**Your goal**
Transcribe exactly, and only, the lines running from the one with "Jul 16, 2021" to the end of the entries below, both included, without any pictures.

**Source material**
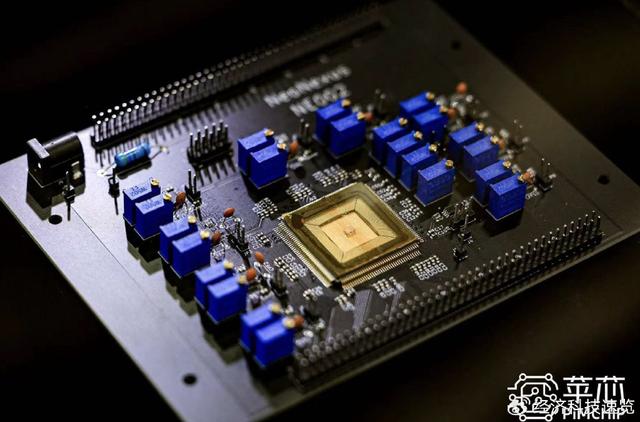 蘋芯科技兩款新產(chǎn)品發(fā)布 引領(lǐng)存算一體技術(shù)革新(圖1) 蘋芯科技兩款新產(chǎn)品發(fā)布 引領(lǐng)存算一體技術(shù)革新(圖1)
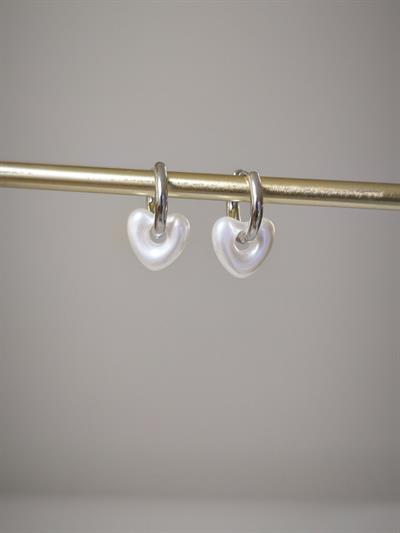 Minik Halkaya Geçmeli Kalp Küpe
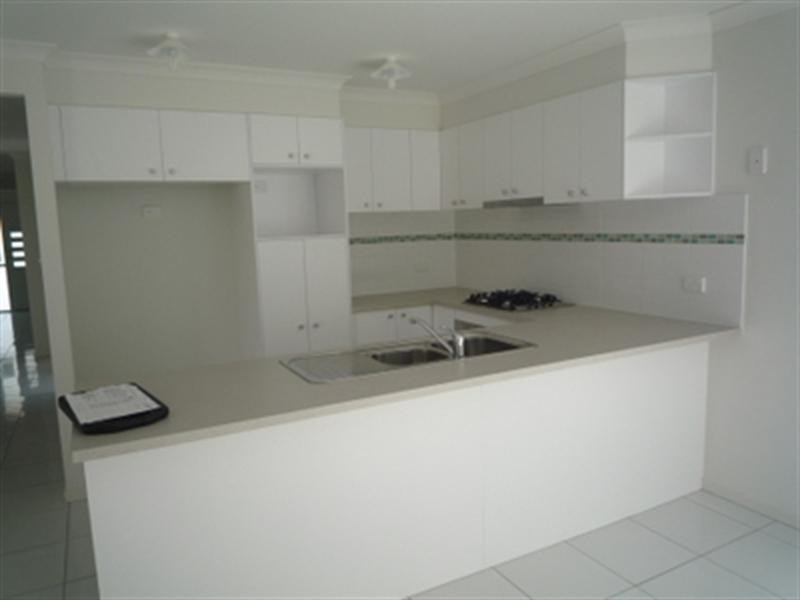 26 Broadleaf Place, Ningi QLD 4511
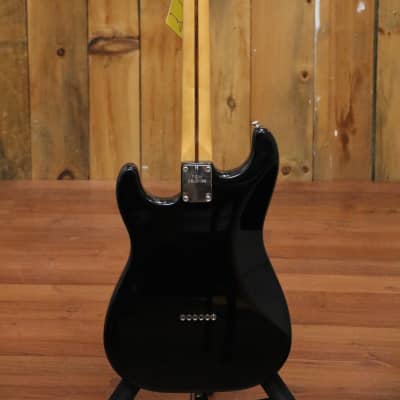 Fender Tom Delonge Stratocaster 2002 - Black image 6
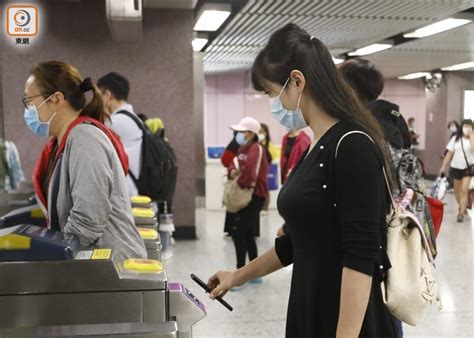 Jul 16, 2021 · 電子消費券將會採取分期發放的方式，不會一次過發放$5,000！視乎你選擇的支付工具平台分兩或三期發放，詳情如下，最快8月1日可取得消費券！每一期的電子消費券均設有使用限期，如未能於限期內用完，該期消費券將會失效。 市民用電子支付多僅搭車 商戶憂手續費食水深 嘲政府「為做而做」｜即時新聞｜港澳｜on.cc東網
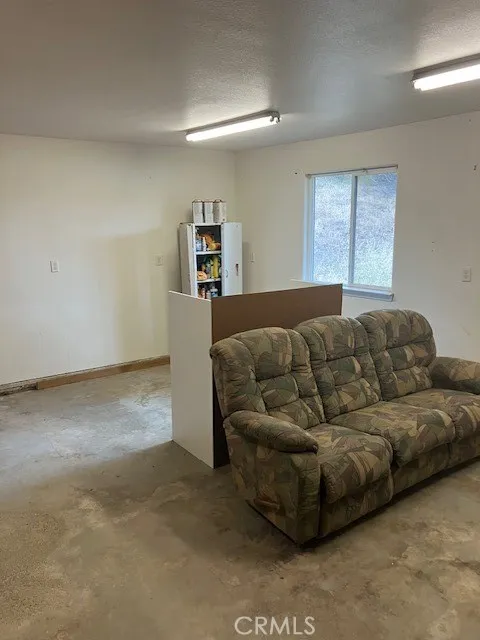 11186 Dez Oroville, CA 95965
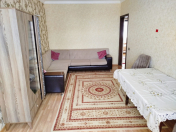 Satılır 3 otaqlı 80 m2 köhnə tikili Xalqlar Dostluğu m.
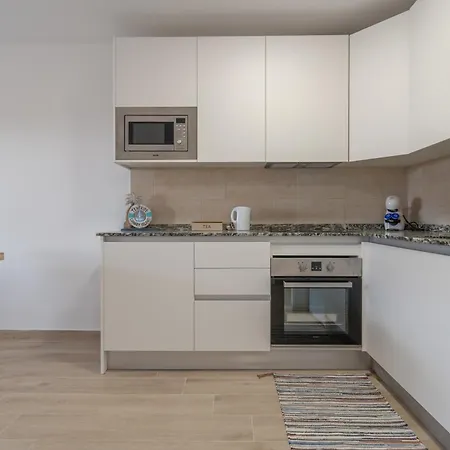 Lejlighed Atlantic Breeze, Bright Big Terrace, Pool, Wifi *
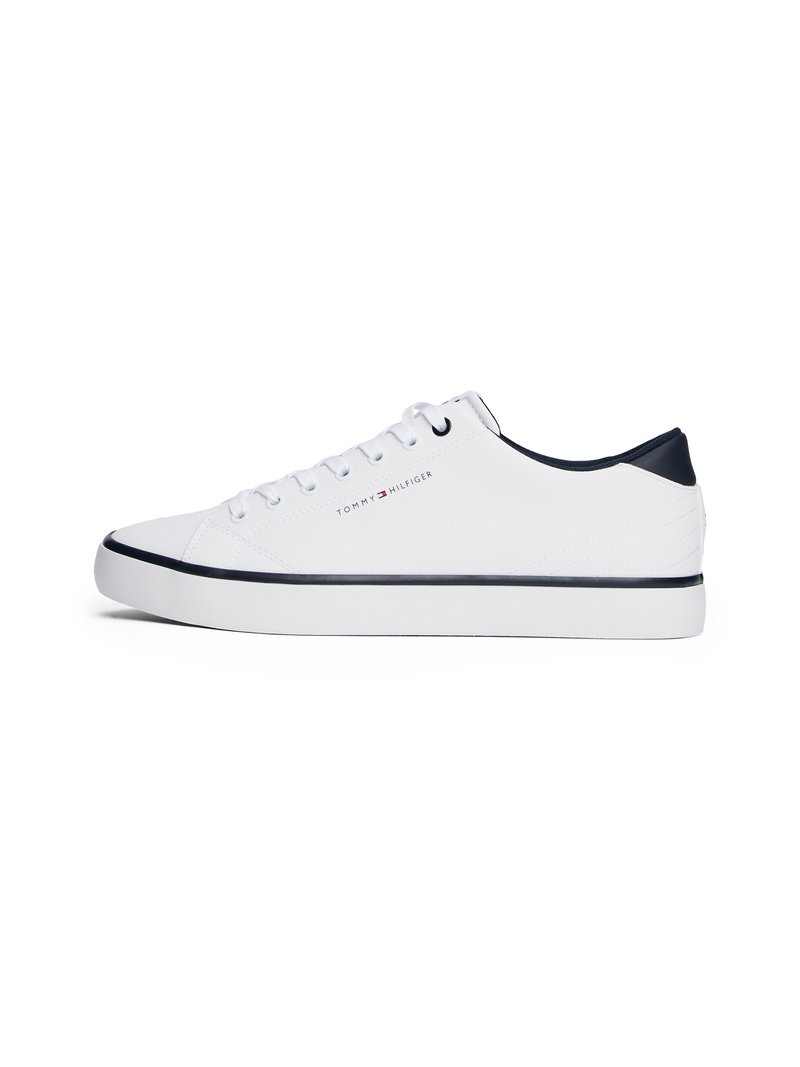 Sneaker bianco realizzato in materiale sintetico, con design a basso profilo, punta rotonda, dettagli blu marine e un sottile logo laterale.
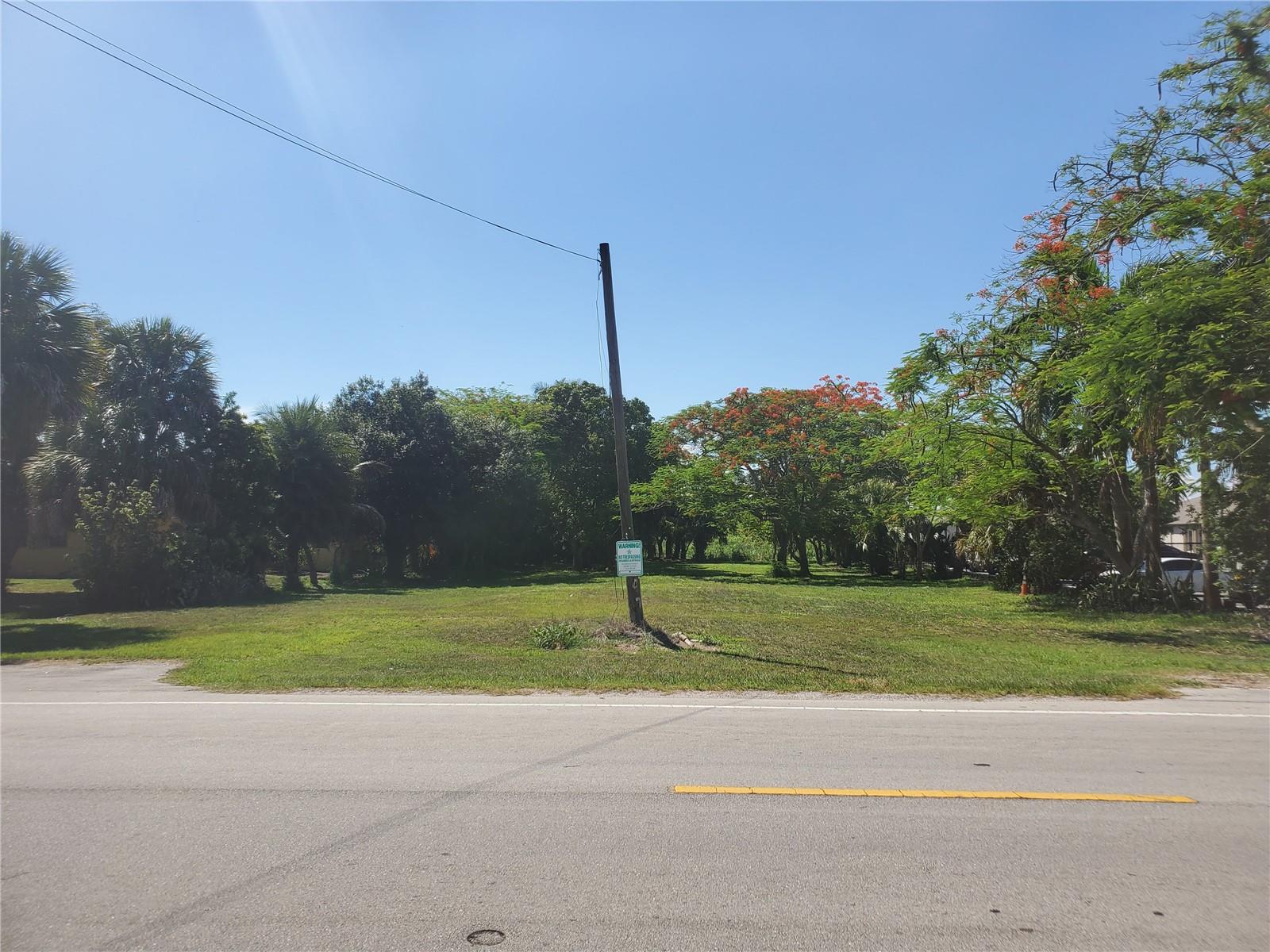 Homes for sale in Pahokee, FL | 1697 E Main St, Pahokee, FL 33476 | MLS# F10447625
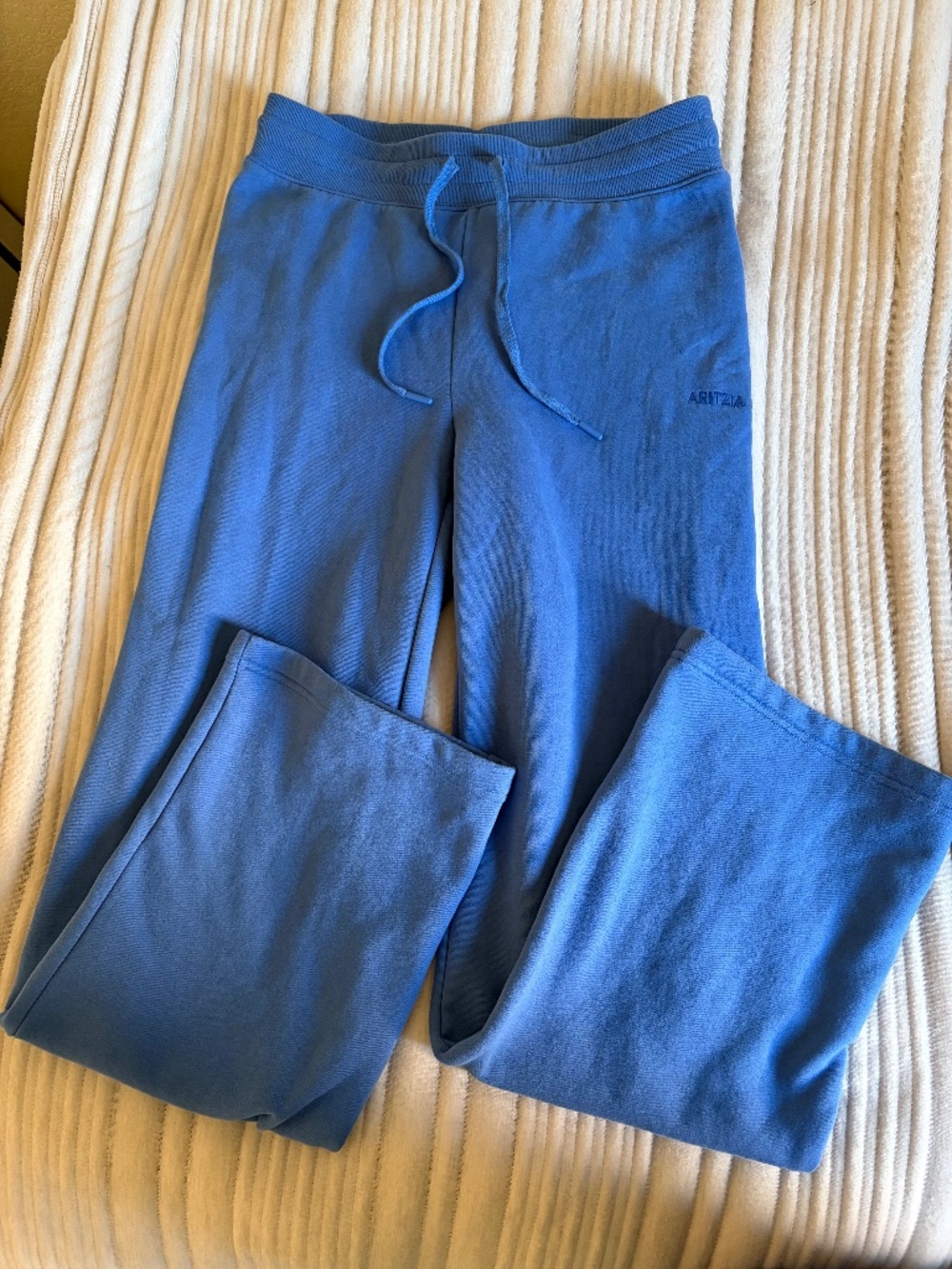 Aritzia French blue snug waist sweatpants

**Result below**
 Jul 16, 2021 · 電子消費券將會採取分期發放的方式，不會一次過發放$5,000！視乎你選擇的支付工具平台分兩或三期發放，詳情如下，最快8月1日可取得消費券！每一期的電子消費券均設有使用限期，如未能於限期內用完，該期消費券將會失效。 市民用電子支付多僅搭車 商戶憂手續費食水深 嘲政府「為做而做」｜即時新聞｜港澳｜on.cc東網
 11186 Dez Oroville, CA 95965
 Satılır 3 otaqlı 80 m2 köhnə tikili Xalqlar Dostluğu m.
 Lejlighed Atlantic Breeze, Bright Big Terrace, Pool, Wifi *
 Sneaker bianco realizzato in materiale sintetico, con design a basso profilo, punta rotonda, dettagli blu marine e un sottile logo laterale.
 Homes for sale in Pahokee, FL | 1697 E Main St, Pahokee, FL 33476 | MLS# F10447625
 Aritzia French blue snug waist sweatpants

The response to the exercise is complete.